The chart below helps orient us to how the $14 trillion in American debt is divvied up. It’s clear mortgages bring down the house. It should be noted that Gen X carries a disproportionate amount of this mortgage debt (as well as credit card, student loan, and auto loan debt). Gen X ranges from around 41-55 years old and is likely in the midst of their peak earning years. Nonetheless, Millennials are quickly gaining on Gen X when it comes to the size of their mortgage debt.
A quick aside: One category of personal debt has climbed at a much faster clip than any other: student loan debt. The high school graduates of 2021 will enter a college landscape that has experienced a 550% increase in college debt holdings since 2003, the year some of these graduates were born. Over the past three decades, tuition has increased by 313%.
We all know college attendance is often viewed as a given in many quarters of society. No matter if you can’t yet afford it or it’s not suited to your vocational goals; It’s simply the thing to do. The federal government has done everything it can to ratchet up the pressure for young Americans to attend. Instead of approaching the college question with a degree of good faith inquiry, many young adults have jumped headfirst, accruing an average of $30,000 of debt by graduation.
When we compare the United States to the rest of the world, our level of household debt is certainly higher than many Central and South American countries, as well as several Eastern European nations. However, when it comes to our debt-to-disposable-income ratio, we’re doing better than our Scandinavian friends, as well as the United Kingdom and Japan.
Debt oftentimes adds a degree of stress to the person who accrues it. Although the stress associated with some forms of debt, such as a mortgage, is offset by the knowledge that you are (hopefully) making an investment that will one day pay off, credit card debt, and to a lesser degree auto loan debt, don’t afford individuals with the same level of comfort.

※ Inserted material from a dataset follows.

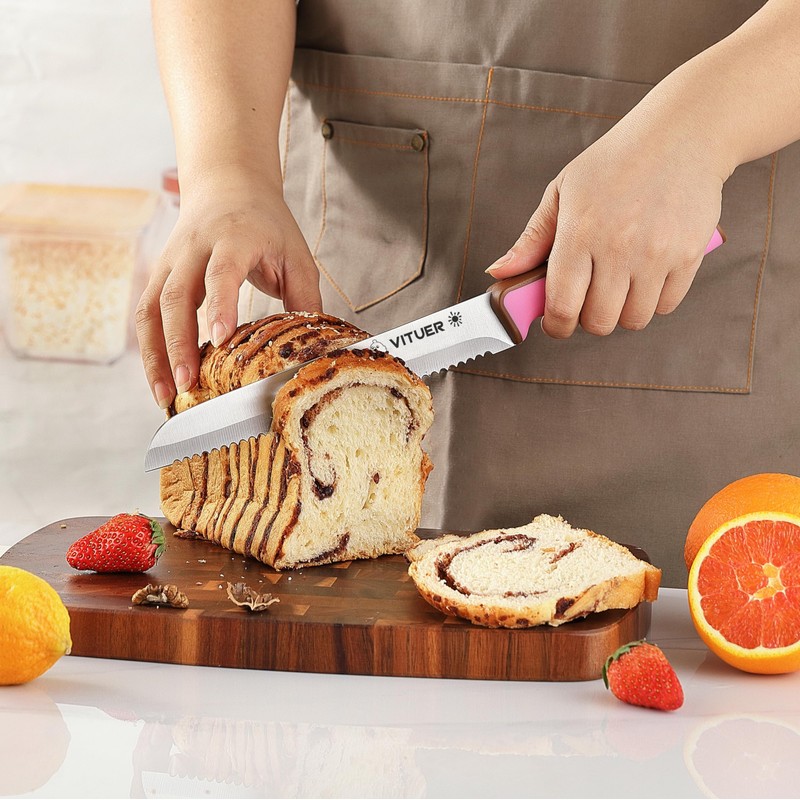 Knife Set, Vituer 7PCS Stainless Steel Kitchen Knife Block Set,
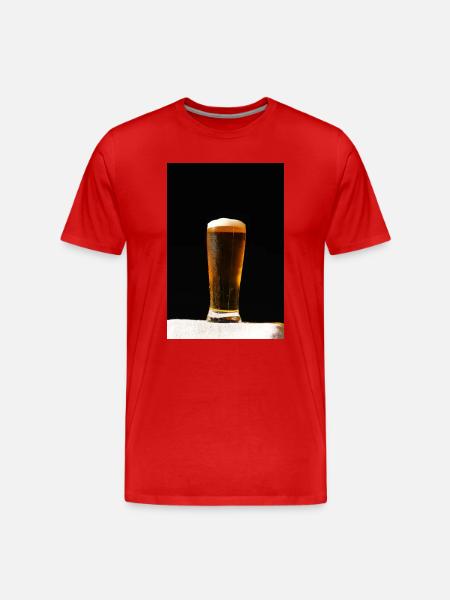 Beer glass evening light - Men's Premium Organic T-Shirt - red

When it comes to dealing with debt, several state lawmakers recently made an attempt to pass a bill that would actually make it harder for individuals to reduce their consumer debt. House Bill 76 would have decimated the debt settlement business. Locke’s Becki Gray and Americans for Tax Reform’s Patrick Gleason wrote, “more than 68,000 North Carolinians used debt settlement services in 2020. People are putting their lives together and getting back on their feet.” Using a debt settlement company is typically not someone’s first choice in paying down their debts, but people deserve to have it as an option if they find themselves in dire straits. House Bill 76 would have prohibited North Carolinians from using such a company. Thankfully, the the Senate doesn’t seem interested in moving it forward.

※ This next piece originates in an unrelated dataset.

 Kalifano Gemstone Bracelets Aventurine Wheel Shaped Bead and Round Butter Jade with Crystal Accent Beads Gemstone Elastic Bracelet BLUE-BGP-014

Although financial literacy should be taught more rigorously in high school as a pre-emptive move to reduce consumer debt among the next generation, I don’t foresee the tide turning in the near term. National politicians spend the American people’s money with abandon and American individuals are taking on record amounts of debt. It’s time we revisit our relationship with money in this nation, both at the governmental and personal level. Until then, we will likely see the numbers on the chart above go discouragingly higher with each passing year.